No era un día normal. Comería con todos sus hijos. Hacía tiempo que no coincidían en la mesa juntos y quiso celebrarlo. El guiño de las lubinas le produjo un sincio saludable, así que encargó a Serafina que bien ella o Puerto se acercaran a la plaza para comprar un par de piezas. Generosas. A esa hora se levantaba Rafael, algo perezoso. Su padre le contó el plan, pero a duras penas logró espabilarle de la resaca.

—Hoy comemos todos aquí. He encargado unas buenas lubinas.

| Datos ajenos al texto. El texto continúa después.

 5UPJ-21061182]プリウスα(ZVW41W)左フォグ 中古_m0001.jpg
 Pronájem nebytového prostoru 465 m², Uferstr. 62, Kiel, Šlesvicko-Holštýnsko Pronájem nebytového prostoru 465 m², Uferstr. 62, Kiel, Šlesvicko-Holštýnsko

—No está mal —aseguró Rafael.

Diego Martín quiso indagar en las salidas de su hijo. No temía nada; le presumía gran juicio. Era una mezcla de curiosidad, envidia sana y algún deseo de revivir sus días algo locos de juventud, cuando estudiaba derecho en Oviedo, lo que le movía a enterarse de sus correrías.

—¿Dónde anduviste anoche?

—Por ahí —contestó Rafael, concentrado en que aquel tazón de café le devolviera de golpe a la vida. Tenía la mirada perdida y apenas prestaba atención a los intereses de su padre. Por su cabeza atravesaba una nebulosa en la que distinguía una copa detrás de otra y un brusco despertar en el lecho de la bella Paquita. Sólo sabe que la tapó y la dejó allí, recostada, a salvo de su frágil intemperie.

—¿Por ahí con quién? —insistía en preguntar Diego Martín, alejado de un tono inquisitorial, enfrascado en un papel de compadreo que no interpretaba mal. De hecho, fue así como logró romper las razonables reservas de su hijo.

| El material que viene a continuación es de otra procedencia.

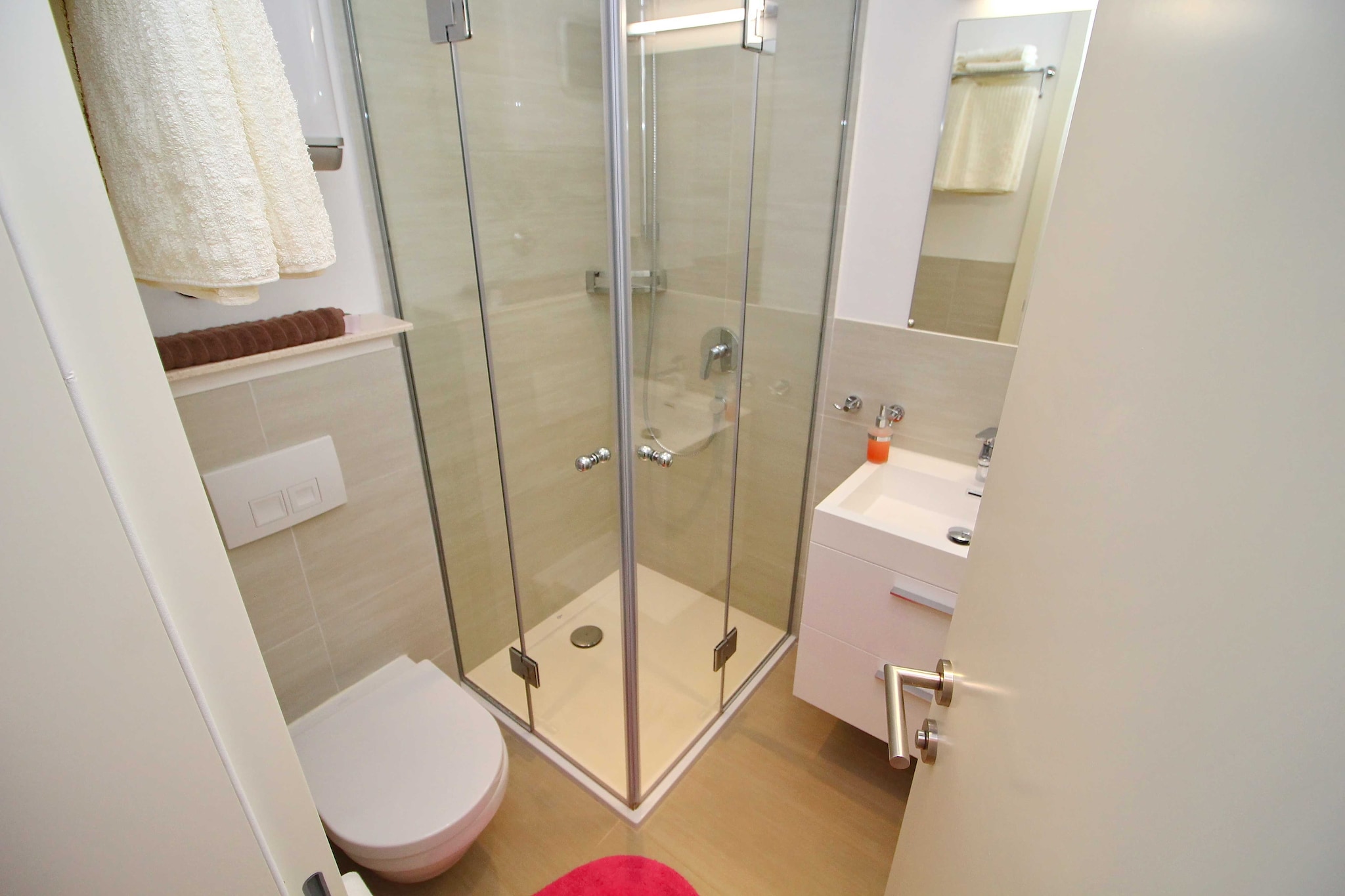 Kula Fancy Apartments - One-Bedroom Apartment with Terrace Ground Floor A1-Bathroom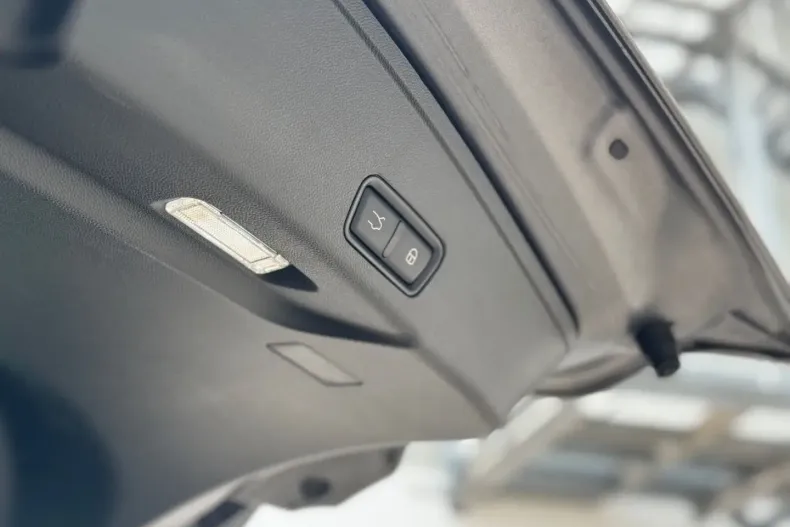 Maserati Grecale din 2023 cu 59.000 km - oferta MAS169439 - foto 9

—Con Solana y otros amigos. Lo pasamos bien.

—Hombre, supongo. Llegaríais a las tantas, me imagino.

—Sobre las…

—No, no. No me lo digas, no lo quiero saber. Quién pudiera…

—Te aseguro que me hubiese encantado volver antes y un poco menos cargado. No tengo ni ganas de pintar.

—Pues no pintes hoy. Tómate un descanso —le invitó su padre.

—El artista que descansa no es artista —respondió Rafael.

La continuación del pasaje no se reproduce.